/Deep-Learning-For-Drug-Protein-Interactions

A Python implementation for training a neural network for predicting drug-protein interactions using Keras and Tensorflow

Primary LanguageJupyter Notebook

Deep-Learning-For-Drug-Protein-Interactions

This repo contains a Python implementation for training a neural network for predicting drug-protein interactions using Keras and Tensorflow.

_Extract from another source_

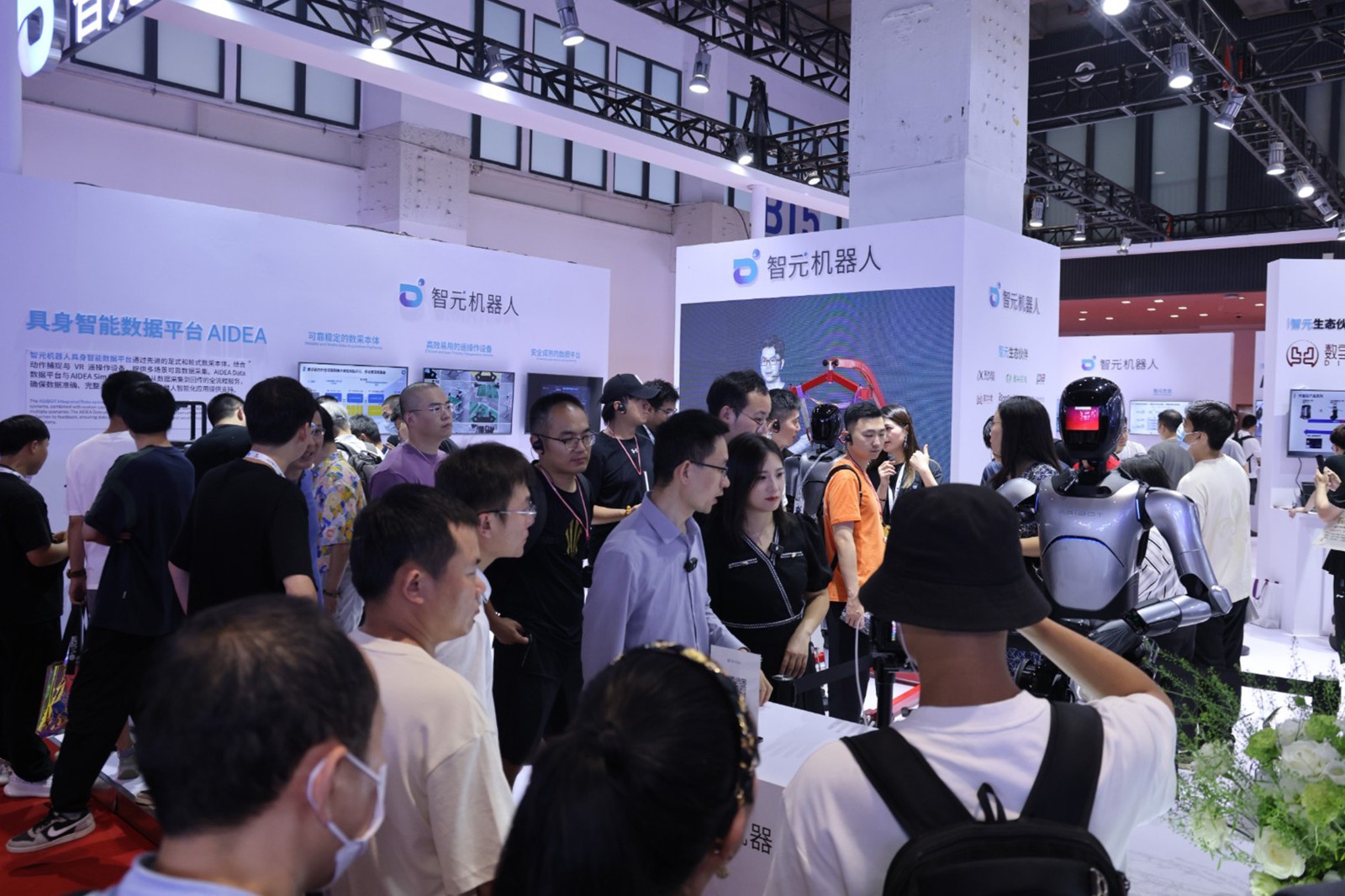 HY8590·海洋之神机器人亮相世界机器人大会WRC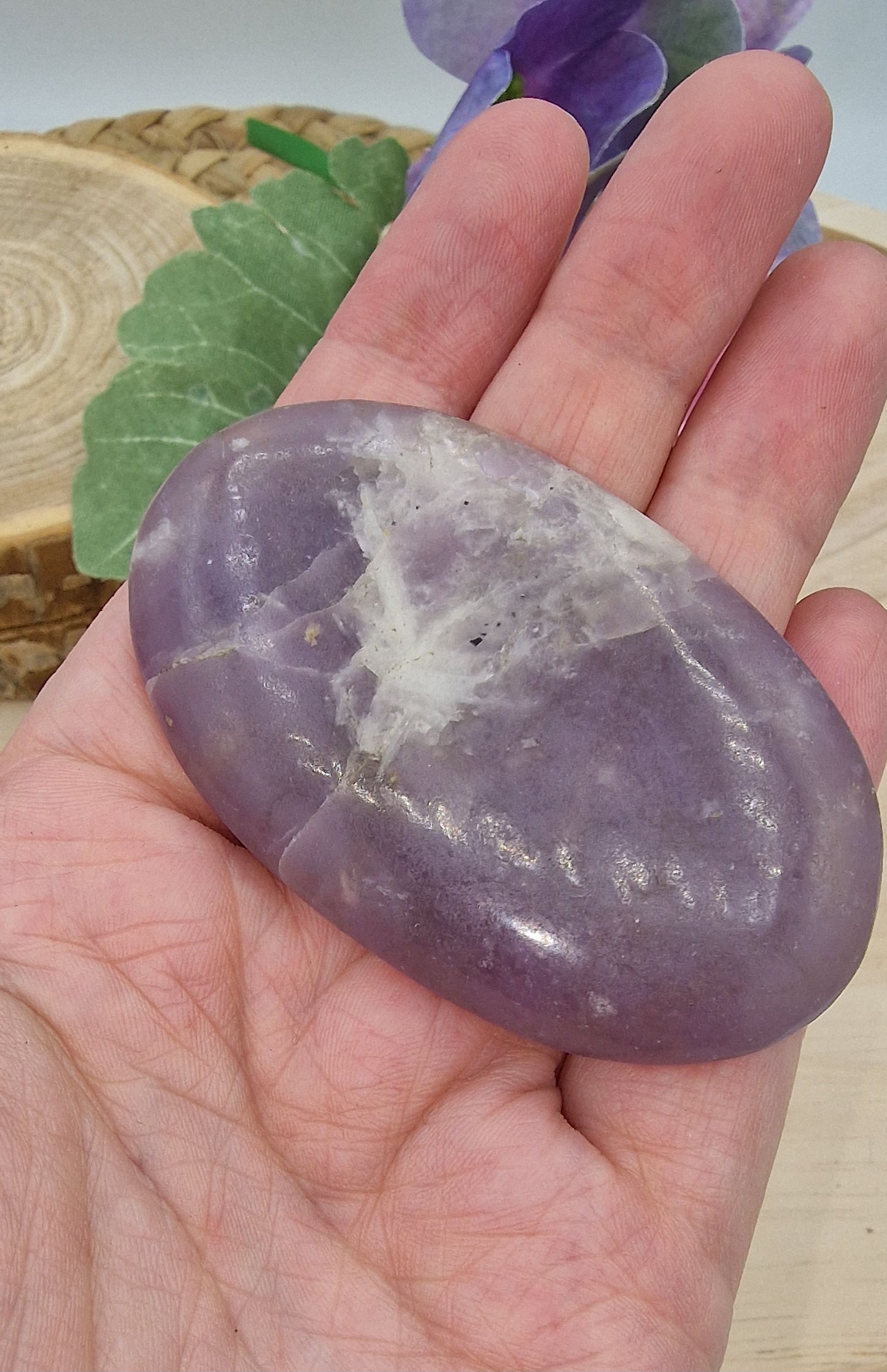 Lepidoliet handsteen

The objective is to create a model that is able to predict which xenobiotics (drugs) can be catalyzed by Cytochrome P450 enzymes in the human body. Using only the string representations of the drugs and the protein sequences, I am able to extract quantitative features from both types of molecules, which I later represent as a column vector that will be used as the input to a Deep Neural Network. The network achieves accuracies close to 80% using a batch size of 10 and 150 epochs.

Description

This repo contains 5 Notebooks that implement a Neural Network trained on drug-protein interactions from a subset of enzymes (Cytochrome P450) and drugs. The networks is trained to recognize substrates that are transformed by CYP450 enzymes.

Notebooks

Each notebooks is numbered according to the order in which they must be executed and contains relevant documentation for each step. The first Notebooks (1-4) deal with downloading, cleaning, and pre-processing the data using the KEGG API and Mole DB.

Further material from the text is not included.